Pears—Gift of the Gods

Though the pears pictured do not have a textur...

Image via Wikipedia

 

After hot humid days with temperatures soaring over three digits, a cool front ushered in Labor Day Weekend. The welcomed coolness shifted thoughts from luscious green salads and fresh summer produce to fall fruits and cool-weather vegetables. Peaches bowed to the juicy sweet and grainy texture of pears, once called the “gift of the gods.” While pears may be available at different times, I think of those seasonal varieties from August through October.        

Over 3,000 varieties of pears exist worldwide. Better known varieties in the United States include Bartlett, Bosc, Comice, Concorde, D’Anjou, and Seckel, each with distinct flavors. Pears, cousins to apples and quince, are members of the rose family. They provide rich sources of fiber and good sources of Vitamin C.       

Kieffer pears, abundant in the south, lack the mellow sweetness of the Bartlett but are excellent for canning and preserves. It’s those pears that remind me of summer’s end. Nostalgic thoughts drift toward canning pear preserves to use in Christmas fruitcakes. Pear honey, a recipe from my husband’s family, is always a hit with hot biscuits or toast and great over plain yogurt. Although often altered from the original recipe, the quality of this heavenly concoction seems unaffected by slight changes in proportions and methods. 

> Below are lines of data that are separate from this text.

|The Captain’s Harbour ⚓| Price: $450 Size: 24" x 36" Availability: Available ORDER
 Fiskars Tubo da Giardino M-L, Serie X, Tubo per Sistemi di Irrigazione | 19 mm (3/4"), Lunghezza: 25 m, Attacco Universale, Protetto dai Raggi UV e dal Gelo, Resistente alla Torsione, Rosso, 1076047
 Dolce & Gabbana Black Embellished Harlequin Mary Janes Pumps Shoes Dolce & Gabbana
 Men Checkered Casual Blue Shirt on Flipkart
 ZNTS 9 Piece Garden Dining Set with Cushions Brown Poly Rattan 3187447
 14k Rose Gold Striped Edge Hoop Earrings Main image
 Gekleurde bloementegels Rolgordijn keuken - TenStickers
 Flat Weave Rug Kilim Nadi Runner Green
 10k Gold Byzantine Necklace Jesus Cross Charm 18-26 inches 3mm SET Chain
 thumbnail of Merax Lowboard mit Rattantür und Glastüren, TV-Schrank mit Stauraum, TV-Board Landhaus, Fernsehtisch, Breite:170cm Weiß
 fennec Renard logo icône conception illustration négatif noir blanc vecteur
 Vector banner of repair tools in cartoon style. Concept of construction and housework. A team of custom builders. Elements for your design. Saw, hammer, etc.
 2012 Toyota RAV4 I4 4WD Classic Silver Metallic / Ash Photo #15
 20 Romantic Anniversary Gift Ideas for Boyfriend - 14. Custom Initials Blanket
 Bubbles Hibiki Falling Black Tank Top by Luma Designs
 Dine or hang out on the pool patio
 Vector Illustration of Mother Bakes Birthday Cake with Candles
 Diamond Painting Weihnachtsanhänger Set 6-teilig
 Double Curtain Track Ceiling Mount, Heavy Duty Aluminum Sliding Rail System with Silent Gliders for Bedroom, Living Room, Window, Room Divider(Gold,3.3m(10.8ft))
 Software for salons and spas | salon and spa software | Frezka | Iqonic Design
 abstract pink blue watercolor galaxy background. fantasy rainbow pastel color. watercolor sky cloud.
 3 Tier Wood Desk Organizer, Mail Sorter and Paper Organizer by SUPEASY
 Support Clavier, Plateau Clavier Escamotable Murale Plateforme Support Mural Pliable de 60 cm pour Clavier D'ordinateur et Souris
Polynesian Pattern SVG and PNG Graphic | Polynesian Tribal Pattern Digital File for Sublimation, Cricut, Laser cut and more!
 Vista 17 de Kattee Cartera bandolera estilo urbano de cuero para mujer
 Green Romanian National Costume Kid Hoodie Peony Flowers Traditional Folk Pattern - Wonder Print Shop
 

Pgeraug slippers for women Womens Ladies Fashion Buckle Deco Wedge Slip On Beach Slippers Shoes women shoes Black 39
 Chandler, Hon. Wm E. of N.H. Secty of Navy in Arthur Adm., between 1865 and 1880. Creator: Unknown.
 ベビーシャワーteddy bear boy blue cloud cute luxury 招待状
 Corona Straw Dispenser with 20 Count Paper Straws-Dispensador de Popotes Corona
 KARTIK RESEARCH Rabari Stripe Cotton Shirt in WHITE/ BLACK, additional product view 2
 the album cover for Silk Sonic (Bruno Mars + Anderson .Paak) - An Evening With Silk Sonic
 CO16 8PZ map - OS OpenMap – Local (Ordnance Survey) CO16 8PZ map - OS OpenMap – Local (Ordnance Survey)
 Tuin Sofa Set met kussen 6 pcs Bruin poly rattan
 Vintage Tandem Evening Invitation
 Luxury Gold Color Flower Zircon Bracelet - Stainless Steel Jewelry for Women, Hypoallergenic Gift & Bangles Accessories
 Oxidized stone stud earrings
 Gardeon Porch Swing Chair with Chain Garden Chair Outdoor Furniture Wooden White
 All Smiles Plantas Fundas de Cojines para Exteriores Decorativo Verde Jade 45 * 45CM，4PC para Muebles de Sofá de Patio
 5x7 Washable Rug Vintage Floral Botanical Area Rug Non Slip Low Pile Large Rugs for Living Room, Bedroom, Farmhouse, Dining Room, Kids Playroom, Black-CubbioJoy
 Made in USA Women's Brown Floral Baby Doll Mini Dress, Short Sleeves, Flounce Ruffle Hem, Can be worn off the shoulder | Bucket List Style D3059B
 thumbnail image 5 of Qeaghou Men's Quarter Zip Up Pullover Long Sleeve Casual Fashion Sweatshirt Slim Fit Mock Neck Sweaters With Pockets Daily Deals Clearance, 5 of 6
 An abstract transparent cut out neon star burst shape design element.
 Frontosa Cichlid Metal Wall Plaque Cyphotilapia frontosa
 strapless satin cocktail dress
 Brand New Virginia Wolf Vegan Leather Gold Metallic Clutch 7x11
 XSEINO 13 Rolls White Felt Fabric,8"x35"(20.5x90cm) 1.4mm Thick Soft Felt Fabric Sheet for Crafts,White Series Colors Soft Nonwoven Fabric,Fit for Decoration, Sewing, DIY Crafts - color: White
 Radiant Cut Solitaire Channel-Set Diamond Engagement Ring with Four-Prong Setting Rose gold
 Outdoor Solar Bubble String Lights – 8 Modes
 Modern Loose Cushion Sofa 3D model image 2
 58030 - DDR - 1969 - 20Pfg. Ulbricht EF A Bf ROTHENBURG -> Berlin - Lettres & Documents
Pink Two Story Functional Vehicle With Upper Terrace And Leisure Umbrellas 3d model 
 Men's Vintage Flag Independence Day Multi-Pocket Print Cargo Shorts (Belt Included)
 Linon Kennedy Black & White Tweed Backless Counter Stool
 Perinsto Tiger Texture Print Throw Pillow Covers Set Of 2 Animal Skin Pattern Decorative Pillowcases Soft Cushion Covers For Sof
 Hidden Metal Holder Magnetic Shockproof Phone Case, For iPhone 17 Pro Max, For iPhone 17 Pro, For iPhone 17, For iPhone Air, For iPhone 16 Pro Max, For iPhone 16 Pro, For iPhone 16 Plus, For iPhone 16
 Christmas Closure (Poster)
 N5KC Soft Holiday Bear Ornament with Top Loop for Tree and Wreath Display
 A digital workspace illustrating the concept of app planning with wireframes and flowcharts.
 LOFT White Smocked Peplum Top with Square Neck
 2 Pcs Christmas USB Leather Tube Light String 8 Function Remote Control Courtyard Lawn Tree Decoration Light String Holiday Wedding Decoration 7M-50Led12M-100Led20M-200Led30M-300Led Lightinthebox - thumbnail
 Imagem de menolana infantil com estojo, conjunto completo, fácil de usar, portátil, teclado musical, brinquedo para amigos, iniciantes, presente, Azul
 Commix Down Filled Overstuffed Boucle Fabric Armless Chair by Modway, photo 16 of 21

With pears in season, try your own adaptation. Then, enjoy the fruits of your labor. 

 Pear Honey 

    8              cups finely chopped pears 

    5              cups granulated sugar 

    1              (20 ounce) #2 cans crushed pineapple in syrup 

Cook chopped pears and sugar in a large saucepan for 1 hour and 15 minutes. Add pineapple. Cook 15 minutes or until slightly thickened. Pour into hot sterilized canning jars and seal. Place jars into a deep saucepan or water-bath canner. Cover with hot water. Bring water to a boil and process for ten minutes. Carefully remove hot jars and allow them to cool before storing.